13 Oct 2023 13:53

FX restrictions are able to smooth out volatility in the short term, but could create additional risks - CBR

MOSCOW. Oct 13 (Interfax) - The Central Bank of Russia (CBR) still believes that the expansion of currency restrictions, although short-term, allows for reducing exchange rate volatility, but carries additional risks.

"Perhaps, some of the measures related to the restriction of capital movement are able to some extent to smooth out short-term exchange rate volatility. But it should be remembered that at the same time they may complicate foreign economic activity. Such measures in normal conditions are burdensome for business, and now they may potentially create additional risks for uninterrupted import supplies, speed of settlements, etc," CBR Deputy Governor Alexei Zabotkin told Interfax in an interview.

The Russian authorities on Wednesday evening announced the introduction of a six-month obligation for a number of major exporters to sell FX proceeds on the domestic market in order to stabilize the ruble exchange rate.
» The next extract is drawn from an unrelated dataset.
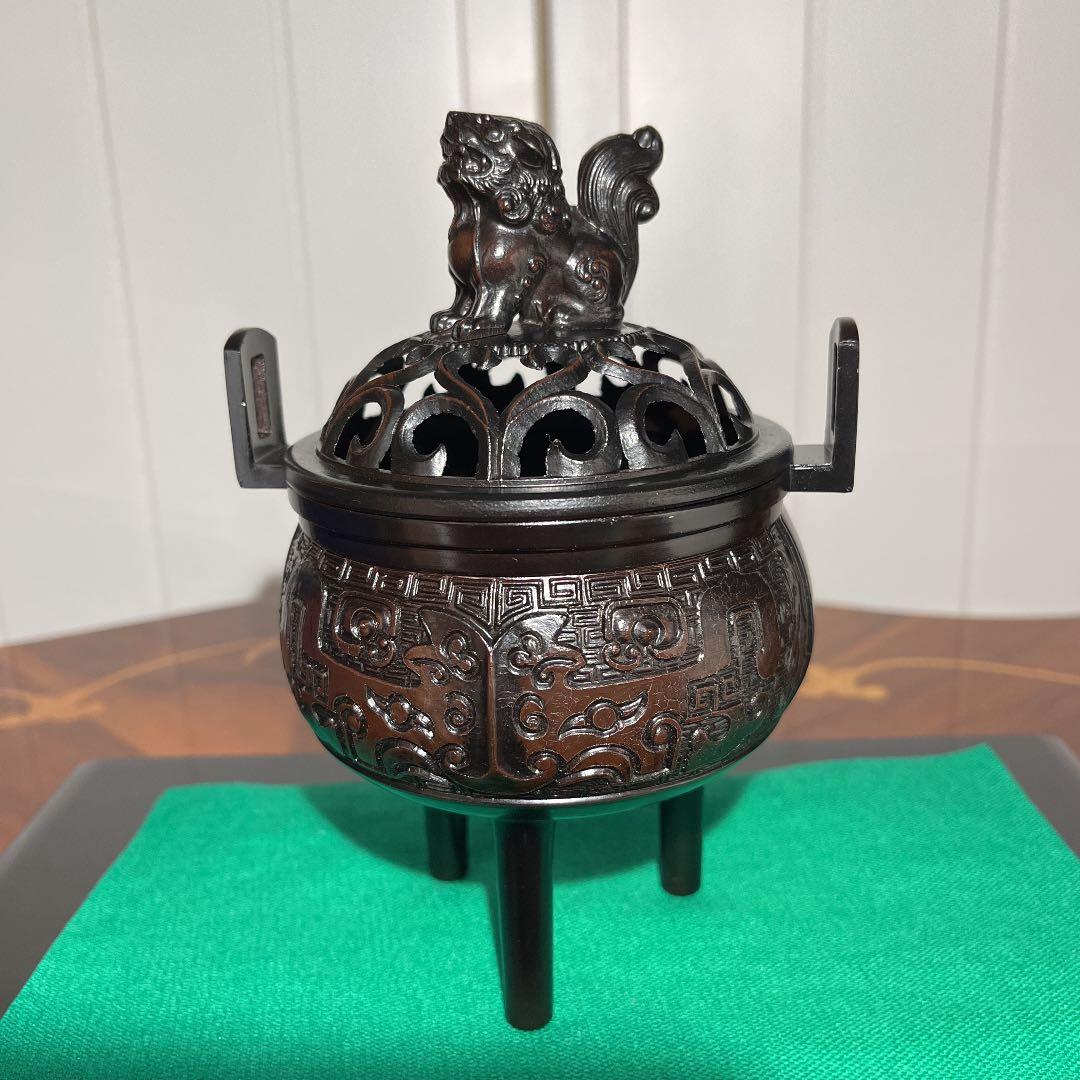 美術鋳物 華陽香爐 啓裕作 黒檀台座付 新品箱入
Russian President Vladimir Putin signed the decree "On the implementation of the mandatory sale of foreign currency proceeds received by certain Russian exporters under foreign trade agreements (contracts)". The list includes 43 groups of companies "belonging to the fuel and energy complex, ferrous and non-ferrous metallurgy, chemical and timber industries, and grain farming".

"The decree introducing the mandatory sale of foreign currency proceeds, signed this week, applies to a limited range of companies and is temporary in nature. This will minimize side effects and will give an opportunity to assess the effectiveness of this measure after the expiration of the term," Zabotkin said.

He emphasized that the stability of the exchange rate is determined by fundamental factors - export opportunities and how the demand for imports relates to them, as well as the attractiveness of the ruble as a savings instrument.